Gas Basis Pricing Impacts
Producing shale gas has also shifted the Basis pricing within the United States. Basis is the transportation cost to bring your NYMEX based Henry Hub contract to your local market. There was a significant change to Basis pricing as the US began to produce an increasing volume of shale gas in the pink-shaded territories on the following map. The traditional pipelines ran from the Gulf Coast to demand centers around the country, but as shale gas started flooding the market from shaded production areas, the cost of gas in those localities decreased. This means that the differential pricing between the local market and the Henry Hub got closer, or even resulted in negative basis pricing.
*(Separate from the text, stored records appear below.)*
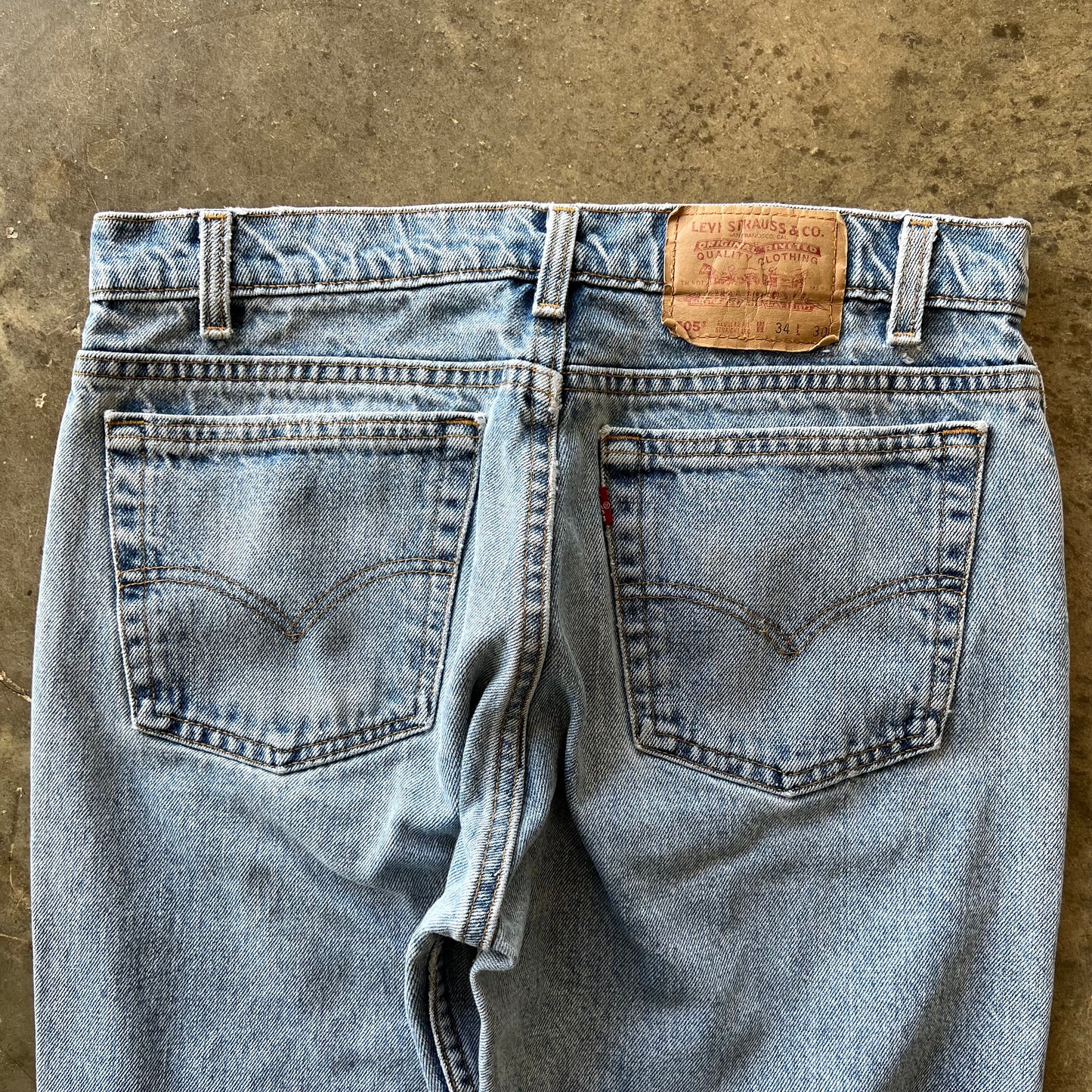 Vintage Levi’s 505 denim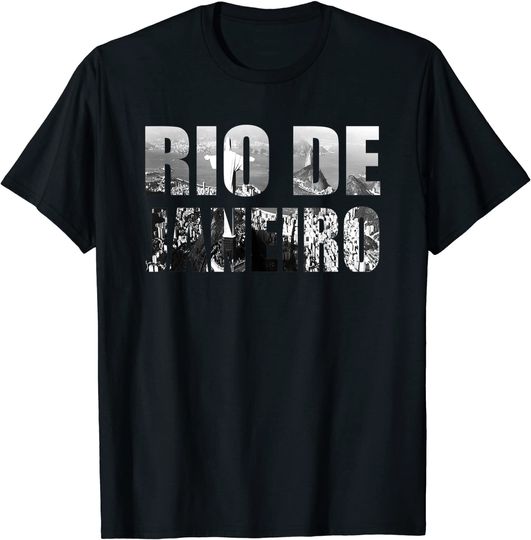Rio De Janeiro Brazil Cityscape T-Shirts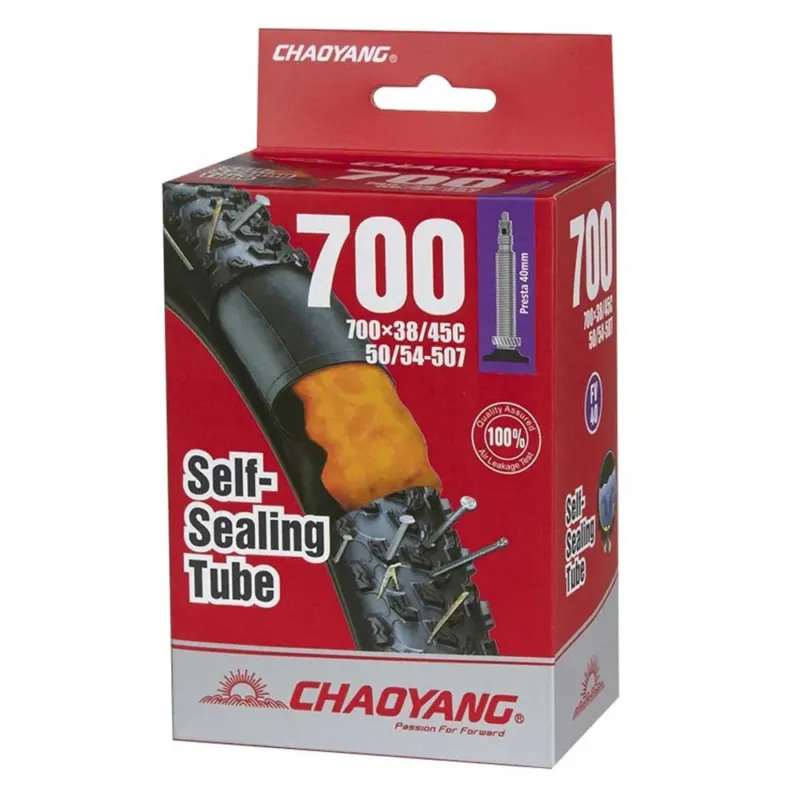 Sichere Zahlung Chaoyang Sealant Presta 60 mm Fahrradschlauch - 700C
There are simultaneously two kinds of projects which address the issue of new production areas with no transportation infrastructure: first, some traditional pipelines have reversed flows to bring gas in the opposite direction; and second there are a slew of new pipelines under construction or seeking approval at the Federal Energy Regulatory Commission “FERC”. FERC has approved 19 new pipeline projects in 2017, totaling over 22 Bcf/d of gas transportation capacity. Additionally, 15 projects remain on the docket at FERC which could add another 15 Bcf/d.
What’s on the Horizon
Where is all the gas from shale drilled wells going? A great deal of that gas is helping the US become a net exporter of natural gas.
Since the early 2000’s the US has exported large quantities of gas by pipeline to both Canada and Mexico. Our neighbors have added demand of over 200,000 MCF/month via pipeline alone. This relationship is still growing, and Mexico also happens to be our #1 importer of LNG at between 15,000 and 10,000 MCF/month. The US’ 2nd LNG export facility opened this month in Cove Point, Maryland. Additionally, there are several LNG export projects under construction and a slew of applications being reviewed by FERC.
The big changes to natural gas production have led to the investment in pipeline infrastructure and LNG export facilities. As the US moves toward becoming a natural gas exporter for the first time, it is important to remain informed on such projects so market developments can be analyzed in proper context.